- Insignia
- Active: November 27, 1943; 82 years ago
- Country: Pakistan
- Branch: Pakistan Navy
- Type: Training formation
- Garrison/HQ: Manora Island, off the coast of Sindh, Pakistan.
- Nickname: HIMALAYA

= PNS Himalaya =

Pakistan Navy's training formation on recruit training

The Pakistan Navy Station Himalaya (reporting name: PNS Himalaya) is a naval base located in Manora Island, off the coast of Karachi coast, Sindh, Pakistan.

The PNS Himalaya is primarily responsible for conducting the initial orientation of incoming recruits, also known as boot camp and distinguished itself as "Home of Armed Forces Diving School".

The naval base is namesake after the famous Himalaya Mountain Range in Northern Pakistan.

== History ==

The Royal Indian Navy established and commissioned the naval base in Manora Island, which is off the Karachi coast, as HMIS Himayala on 27 November 1943. The naval base is namesake after the famous Himalaya Mountain Range in Northern Pakistan by its British military administrators.
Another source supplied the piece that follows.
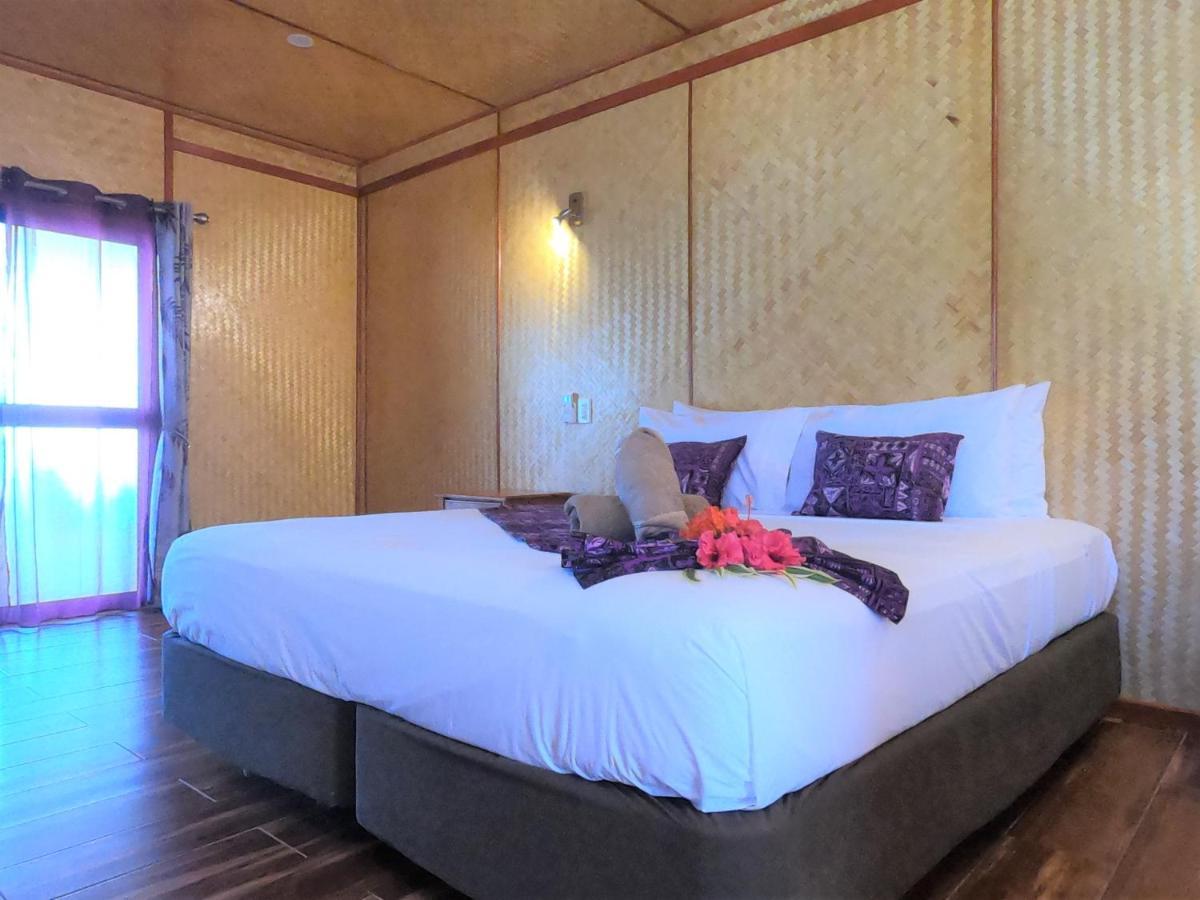 Hôtel Rinos Beach Bungalow à Amuri Extérieur photo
The British Royal Navy established the first Diving Section along with the "Gunnery School", which is now known as the Surface Warfare School in PNS Bahadur. The PNS Himalayas is the only bootcamp of Pakistan Navy and subsequently expanded as a naval base providing the crucial marine training in December 1950. Due to its size and accommodation, the PNS Himayala was home to many of navy's schools before Navy dispersed its assets in different parts of the country in 1980.

The PNS Himalaya also served as a temporary headquarters of the Pakistan Marines when it was recommissioned on 14 April 1990. However, the Pakistan Marines were relocated to PNS Iqbal, and permanently headquartered from PNS Iqbal to the Manora Fort in the PNS Qasim.

Currently, PNS Himalaya is the initial bootcamp of new enrolled sailor candidates in Pakistan Navy.

===Pakistan Navy Diving School===

The Pakistan Navy Diving School is an armed forces diving school that provides effective diving training to Pakistan Navy, Marines, Air Force, and the Army personnel. Established as a small diving section, the Pakistan Navy further expanded and upgraded its small facility to a full-fledged military training area dedicated to armed forces diving in 1980.

The Navy's diving school is not restricted to Pakistan Navy as the personnel from the Pakistan Army have also been trained, qualified, and earned their certification pins from the Navy Diving School. In addition, the Diving School has also provided training and qualifications to civilian agencies as well as the navies of allied nations such as Bangladesh, Jordan, Maldives, Oman, Saudi Arabia, Sri Lanka and Turkey.